Telemetry
The objective of the telemetry feature is to gather metrics and establish an infrastructure for visualizing valuable network insights. Some of the metrics that we at the Interledger Foundation collect include:
- The total amount of money transferred via packet data within a specified time frame (daily, weekly, monthly)
- The number of transactions that have been at least partially successful
- The number of ILP packets flowing through the network
- The average amount of money held within the network per transaction
- The average time it takes for an outgoing payment to complete
Our goals are to:
- Track the growth of the network in terms of transaction sizes and the number of transactions processed
- Use the data for our own insights
- Enable you to gain your own insights
Privacy and optionality
Privacy is a paramount concern for the Interleger Foundation. Rafiki’s telemetry feature is designed to provide valuable network insights without violating privacy or aiding malicious ASEs.
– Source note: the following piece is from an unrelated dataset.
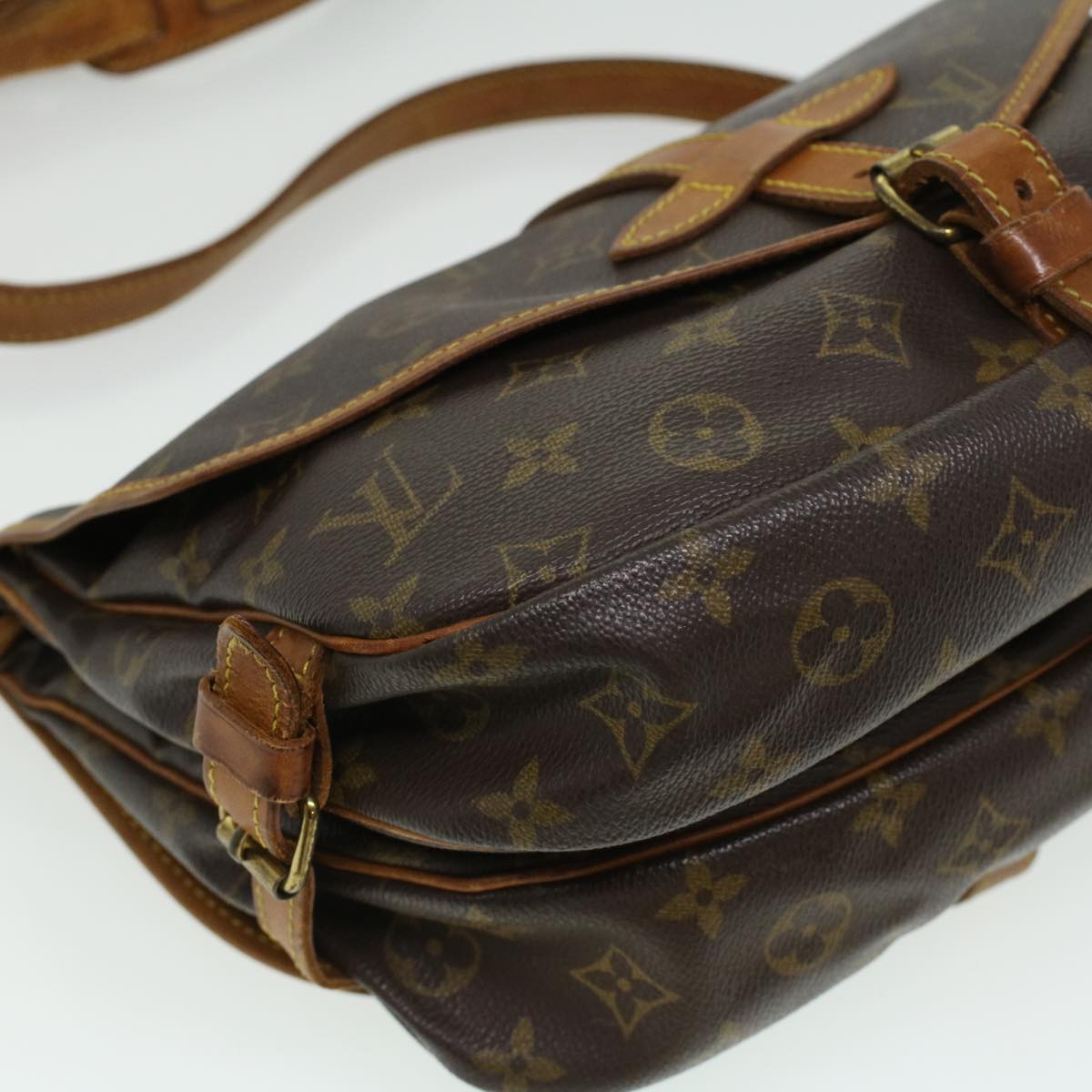 LOUIS VUITTON Monogram Saumur 30 Shoulder Bag M42256 LV 33016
Review the Privacy section below for more information.
The telemetry functionality is currently enabled by default on test (non-livenet) environments, i.e. any environment that is not dealing with real money. When active, the functionality transmits metrics to the testnet collector. You can opt in to sharing your metrics with a livenet collector when operating in a production livenet environment (with real money). Regardless of environment, you can also opt-out of telemetry completely. Review the telemetry environment variables for more information.
Architecture
OpenTelemetry (OTEL)
The Interledger Foundation has adopted OpenTelemetry (OTEL) to ensure compliance with a standardized framework that is compatible with a variety of tool suites. OTEL allows you to use your preferred tools for data analysis, while Rafiki is instrumented and observable through a standardized metrics format.
Telemetry Elastic Container Service (ECS) cluster
The Telemetry Replica service is hosted on AWS ECS Fargate and is configured for availability and load balancing of custom ADOT (AWS Distro for OpenTelemetry) Collector ECS tasks.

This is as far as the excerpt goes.